Exercise objective:
Go line by line through the listing below and copy those that hold "Hoesje".

═══

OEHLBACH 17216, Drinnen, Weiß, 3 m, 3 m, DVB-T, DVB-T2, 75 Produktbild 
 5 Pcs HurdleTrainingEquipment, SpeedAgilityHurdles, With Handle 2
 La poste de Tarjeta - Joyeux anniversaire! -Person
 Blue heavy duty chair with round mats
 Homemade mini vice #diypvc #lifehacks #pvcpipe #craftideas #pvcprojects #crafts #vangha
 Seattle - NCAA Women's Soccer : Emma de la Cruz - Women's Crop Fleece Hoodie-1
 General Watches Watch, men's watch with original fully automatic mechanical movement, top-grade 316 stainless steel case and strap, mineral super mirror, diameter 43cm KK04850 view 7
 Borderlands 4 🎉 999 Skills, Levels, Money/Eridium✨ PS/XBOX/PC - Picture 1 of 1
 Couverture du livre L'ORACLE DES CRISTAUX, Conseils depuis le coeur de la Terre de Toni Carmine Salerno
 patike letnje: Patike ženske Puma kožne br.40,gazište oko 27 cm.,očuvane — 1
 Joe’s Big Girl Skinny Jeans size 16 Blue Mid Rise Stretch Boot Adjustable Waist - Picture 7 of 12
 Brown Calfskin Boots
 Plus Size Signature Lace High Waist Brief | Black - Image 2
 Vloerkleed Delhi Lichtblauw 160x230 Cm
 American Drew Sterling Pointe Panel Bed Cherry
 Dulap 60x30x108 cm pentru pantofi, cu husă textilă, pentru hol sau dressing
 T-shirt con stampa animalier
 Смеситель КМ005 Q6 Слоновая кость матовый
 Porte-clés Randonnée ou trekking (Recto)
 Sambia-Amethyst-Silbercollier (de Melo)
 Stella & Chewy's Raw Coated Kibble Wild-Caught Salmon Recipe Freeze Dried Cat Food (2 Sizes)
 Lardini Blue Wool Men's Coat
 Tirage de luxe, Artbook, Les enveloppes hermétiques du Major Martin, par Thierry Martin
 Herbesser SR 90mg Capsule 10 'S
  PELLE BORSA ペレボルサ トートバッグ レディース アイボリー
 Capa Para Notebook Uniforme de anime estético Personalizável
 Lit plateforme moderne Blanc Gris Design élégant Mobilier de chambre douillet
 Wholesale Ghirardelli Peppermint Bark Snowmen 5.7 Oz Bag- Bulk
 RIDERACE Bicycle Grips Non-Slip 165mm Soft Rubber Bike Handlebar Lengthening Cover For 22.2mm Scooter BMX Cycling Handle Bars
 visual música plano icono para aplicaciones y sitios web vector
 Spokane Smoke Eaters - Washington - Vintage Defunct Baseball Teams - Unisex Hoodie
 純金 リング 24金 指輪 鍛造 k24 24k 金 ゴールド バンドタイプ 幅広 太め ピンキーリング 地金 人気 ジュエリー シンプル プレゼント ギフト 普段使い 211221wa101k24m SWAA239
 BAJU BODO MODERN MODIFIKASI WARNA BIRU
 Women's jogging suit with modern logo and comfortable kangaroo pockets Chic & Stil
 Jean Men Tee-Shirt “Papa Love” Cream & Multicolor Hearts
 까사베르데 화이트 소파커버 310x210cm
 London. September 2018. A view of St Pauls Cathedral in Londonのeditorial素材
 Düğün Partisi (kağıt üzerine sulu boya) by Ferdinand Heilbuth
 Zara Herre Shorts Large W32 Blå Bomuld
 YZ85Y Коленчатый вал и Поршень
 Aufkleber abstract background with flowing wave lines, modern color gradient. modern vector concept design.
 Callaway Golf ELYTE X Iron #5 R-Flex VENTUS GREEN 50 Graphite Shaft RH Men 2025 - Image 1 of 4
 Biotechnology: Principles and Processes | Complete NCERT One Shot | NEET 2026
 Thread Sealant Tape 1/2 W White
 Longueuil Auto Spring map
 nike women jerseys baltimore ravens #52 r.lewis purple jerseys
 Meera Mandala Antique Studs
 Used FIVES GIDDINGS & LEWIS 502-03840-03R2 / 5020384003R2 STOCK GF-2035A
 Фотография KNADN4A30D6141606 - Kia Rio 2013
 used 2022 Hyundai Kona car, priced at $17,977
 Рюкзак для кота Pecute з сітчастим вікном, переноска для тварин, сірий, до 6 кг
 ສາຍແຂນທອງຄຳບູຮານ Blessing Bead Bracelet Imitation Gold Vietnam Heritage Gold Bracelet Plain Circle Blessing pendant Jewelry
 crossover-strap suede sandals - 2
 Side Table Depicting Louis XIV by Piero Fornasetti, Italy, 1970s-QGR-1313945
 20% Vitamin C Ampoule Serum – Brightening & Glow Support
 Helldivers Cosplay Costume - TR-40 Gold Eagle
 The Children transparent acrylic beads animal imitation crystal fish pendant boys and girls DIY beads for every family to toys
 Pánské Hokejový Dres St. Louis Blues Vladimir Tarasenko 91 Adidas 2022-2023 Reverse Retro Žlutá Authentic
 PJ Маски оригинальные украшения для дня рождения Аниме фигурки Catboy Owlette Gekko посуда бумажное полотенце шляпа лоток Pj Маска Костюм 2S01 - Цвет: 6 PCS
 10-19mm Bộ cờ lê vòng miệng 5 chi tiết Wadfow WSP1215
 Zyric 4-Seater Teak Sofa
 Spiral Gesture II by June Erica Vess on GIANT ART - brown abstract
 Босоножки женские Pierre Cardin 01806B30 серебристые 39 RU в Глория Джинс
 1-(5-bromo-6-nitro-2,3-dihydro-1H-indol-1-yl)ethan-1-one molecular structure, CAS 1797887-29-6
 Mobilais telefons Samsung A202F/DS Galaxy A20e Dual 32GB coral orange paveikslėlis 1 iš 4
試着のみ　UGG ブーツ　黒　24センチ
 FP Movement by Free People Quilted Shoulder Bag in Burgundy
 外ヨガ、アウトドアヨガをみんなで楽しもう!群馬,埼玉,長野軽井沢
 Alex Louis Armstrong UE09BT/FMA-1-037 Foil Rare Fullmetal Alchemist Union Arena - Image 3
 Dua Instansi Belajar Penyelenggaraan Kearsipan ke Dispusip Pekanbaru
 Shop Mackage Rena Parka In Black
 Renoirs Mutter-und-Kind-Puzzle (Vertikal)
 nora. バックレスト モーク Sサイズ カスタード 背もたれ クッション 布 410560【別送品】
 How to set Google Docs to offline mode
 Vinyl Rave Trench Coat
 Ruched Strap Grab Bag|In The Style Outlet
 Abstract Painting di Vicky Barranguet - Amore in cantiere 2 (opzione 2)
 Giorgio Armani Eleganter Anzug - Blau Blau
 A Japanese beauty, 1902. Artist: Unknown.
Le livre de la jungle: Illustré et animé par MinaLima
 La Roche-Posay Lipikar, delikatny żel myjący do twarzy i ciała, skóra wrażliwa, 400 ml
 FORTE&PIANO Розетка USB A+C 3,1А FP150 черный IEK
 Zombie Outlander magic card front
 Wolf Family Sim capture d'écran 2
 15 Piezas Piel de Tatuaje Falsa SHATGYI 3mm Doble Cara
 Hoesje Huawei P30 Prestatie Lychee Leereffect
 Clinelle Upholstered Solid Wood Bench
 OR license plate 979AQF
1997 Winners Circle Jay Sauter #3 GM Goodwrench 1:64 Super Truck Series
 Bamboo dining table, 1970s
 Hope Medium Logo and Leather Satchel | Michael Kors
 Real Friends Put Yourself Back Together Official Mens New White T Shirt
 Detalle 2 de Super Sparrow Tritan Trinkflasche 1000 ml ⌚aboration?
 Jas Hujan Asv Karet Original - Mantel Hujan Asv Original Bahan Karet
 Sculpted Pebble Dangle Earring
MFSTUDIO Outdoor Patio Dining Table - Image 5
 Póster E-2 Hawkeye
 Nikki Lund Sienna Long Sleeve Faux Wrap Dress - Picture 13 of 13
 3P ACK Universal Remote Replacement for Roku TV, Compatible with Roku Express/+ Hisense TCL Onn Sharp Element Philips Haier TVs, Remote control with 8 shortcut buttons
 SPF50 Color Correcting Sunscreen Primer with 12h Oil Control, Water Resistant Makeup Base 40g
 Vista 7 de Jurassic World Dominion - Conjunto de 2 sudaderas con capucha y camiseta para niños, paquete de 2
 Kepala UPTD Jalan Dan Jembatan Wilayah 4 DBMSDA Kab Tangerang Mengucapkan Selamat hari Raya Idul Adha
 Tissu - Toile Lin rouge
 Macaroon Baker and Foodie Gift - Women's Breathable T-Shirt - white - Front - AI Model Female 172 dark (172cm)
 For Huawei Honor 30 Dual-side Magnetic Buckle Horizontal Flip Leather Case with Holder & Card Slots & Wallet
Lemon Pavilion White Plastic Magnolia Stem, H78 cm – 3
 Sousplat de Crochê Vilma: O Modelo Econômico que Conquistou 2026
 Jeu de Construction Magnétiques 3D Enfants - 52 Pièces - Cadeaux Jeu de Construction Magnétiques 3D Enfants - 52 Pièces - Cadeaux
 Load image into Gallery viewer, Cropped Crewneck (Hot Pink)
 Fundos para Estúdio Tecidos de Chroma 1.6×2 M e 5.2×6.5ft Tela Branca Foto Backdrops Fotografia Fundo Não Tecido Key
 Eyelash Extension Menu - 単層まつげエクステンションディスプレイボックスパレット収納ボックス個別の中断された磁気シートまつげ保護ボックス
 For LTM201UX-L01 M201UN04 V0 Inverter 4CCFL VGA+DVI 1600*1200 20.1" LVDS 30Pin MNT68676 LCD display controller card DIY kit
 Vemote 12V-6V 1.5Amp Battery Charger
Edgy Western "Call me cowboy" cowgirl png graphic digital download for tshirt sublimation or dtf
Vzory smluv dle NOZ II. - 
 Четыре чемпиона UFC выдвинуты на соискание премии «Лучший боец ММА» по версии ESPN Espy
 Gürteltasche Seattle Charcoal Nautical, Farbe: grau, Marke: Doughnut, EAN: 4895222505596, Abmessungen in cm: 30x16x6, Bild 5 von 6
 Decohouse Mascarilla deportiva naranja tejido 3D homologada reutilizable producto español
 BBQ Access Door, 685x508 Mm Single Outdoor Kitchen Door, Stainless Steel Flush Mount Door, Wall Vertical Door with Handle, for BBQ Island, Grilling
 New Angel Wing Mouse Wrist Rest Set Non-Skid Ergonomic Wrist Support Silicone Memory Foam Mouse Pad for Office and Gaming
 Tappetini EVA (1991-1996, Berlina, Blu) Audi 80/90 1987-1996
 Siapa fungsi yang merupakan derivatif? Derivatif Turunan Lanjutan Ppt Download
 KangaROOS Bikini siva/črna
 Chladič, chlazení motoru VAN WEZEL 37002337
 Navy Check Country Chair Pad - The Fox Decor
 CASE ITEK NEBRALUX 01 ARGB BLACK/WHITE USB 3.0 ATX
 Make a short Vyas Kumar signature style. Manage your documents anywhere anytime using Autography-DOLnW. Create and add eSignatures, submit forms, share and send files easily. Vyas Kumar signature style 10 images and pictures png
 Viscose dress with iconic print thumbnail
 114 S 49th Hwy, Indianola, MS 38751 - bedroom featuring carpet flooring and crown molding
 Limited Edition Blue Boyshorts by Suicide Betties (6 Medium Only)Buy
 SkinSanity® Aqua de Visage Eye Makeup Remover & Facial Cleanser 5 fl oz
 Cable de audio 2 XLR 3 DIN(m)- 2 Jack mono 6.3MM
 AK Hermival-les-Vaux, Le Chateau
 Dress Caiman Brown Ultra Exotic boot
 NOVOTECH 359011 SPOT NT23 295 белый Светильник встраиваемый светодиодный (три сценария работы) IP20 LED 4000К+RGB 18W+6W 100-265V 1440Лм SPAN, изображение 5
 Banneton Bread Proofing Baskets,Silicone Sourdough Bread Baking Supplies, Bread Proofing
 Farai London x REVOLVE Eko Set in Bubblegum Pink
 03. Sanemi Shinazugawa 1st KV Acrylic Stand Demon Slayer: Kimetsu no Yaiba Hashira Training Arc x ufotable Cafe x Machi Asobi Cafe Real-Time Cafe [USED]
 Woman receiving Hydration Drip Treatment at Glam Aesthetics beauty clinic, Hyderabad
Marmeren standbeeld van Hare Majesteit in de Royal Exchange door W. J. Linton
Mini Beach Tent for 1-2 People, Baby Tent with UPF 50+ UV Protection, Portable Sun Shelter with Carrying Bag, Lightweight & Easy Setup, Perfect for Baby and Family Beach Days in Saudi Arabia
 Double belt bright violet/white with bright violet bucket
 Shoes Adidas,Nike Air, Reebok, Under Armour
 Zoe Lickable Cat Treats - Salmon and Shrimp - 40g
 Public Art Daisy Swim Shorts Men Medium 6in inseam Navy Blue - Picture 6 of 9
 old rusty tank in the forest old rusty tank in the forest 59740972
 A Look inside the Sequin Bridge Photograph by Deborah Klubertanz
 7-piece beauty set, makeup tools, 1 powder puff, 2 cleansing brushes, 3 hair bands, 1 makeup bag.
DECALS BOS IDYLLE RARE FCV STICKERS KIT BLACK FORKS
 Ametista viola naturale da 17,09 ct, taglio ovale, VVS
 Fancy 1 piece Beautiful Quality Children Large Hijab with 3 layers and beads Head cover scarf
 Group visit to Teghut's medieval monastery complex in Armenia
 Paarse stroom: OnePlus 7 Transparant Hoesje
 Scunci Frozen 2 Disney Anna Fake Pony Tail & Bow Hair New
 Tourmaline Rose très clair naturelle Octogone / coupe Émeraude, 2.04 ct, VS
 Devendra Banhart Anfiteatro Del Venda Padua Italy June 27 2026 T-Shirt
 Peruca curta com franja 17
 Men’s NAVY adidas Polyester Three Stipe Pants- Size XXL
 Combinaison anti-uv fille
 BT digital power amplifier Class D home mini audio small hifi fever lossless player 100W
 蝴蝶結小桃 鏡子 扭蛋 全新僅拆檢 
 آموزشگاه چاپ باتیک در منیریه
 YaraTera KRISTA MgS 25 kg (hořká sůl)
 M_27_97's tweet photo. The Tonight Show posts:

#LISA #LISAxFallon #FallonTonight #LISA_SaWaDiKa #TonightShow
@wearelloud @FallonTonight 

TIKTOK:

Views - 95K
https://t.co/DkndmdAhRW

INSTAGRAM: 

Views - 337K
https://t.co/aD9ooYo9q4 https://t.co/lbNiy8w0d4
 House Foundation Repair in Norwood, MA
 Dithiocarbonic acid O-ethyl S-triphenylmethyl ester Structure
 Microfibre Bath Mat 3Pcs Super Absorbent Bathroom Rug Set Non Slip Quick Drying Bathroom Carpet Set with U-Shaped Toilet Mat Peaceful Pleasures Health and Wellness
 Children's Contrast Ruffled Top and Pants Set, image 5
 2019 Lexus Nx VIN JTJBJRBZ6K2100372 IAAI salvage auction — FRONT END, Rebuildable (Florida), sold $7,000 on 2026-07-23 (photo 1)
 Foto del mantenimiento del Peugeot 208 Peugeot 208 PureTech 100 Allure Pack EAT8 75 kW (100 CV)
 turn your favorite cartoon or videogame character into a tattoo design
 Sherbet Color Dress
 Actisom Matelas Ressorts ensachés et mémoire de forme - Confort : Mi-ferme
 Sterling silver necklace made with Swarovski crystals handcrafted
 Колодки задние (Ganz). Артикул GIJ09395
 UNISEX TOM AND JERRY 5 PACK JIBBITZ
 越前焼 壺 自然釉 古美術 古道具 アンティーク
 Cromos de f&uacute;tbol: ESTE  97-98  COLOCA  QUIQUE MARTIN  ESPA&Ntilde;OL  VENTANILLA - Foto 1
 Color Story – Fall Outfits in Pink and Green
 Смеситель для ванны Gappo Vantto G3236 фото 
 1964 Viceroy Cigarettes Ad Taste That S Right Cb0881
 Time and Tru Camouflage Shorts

═══

Answer to this task:
 Hoesje Huawei P30 Prestatie Lychee Leereffect
 Paarse stroom: OnePlus 7 Transparant Hoesje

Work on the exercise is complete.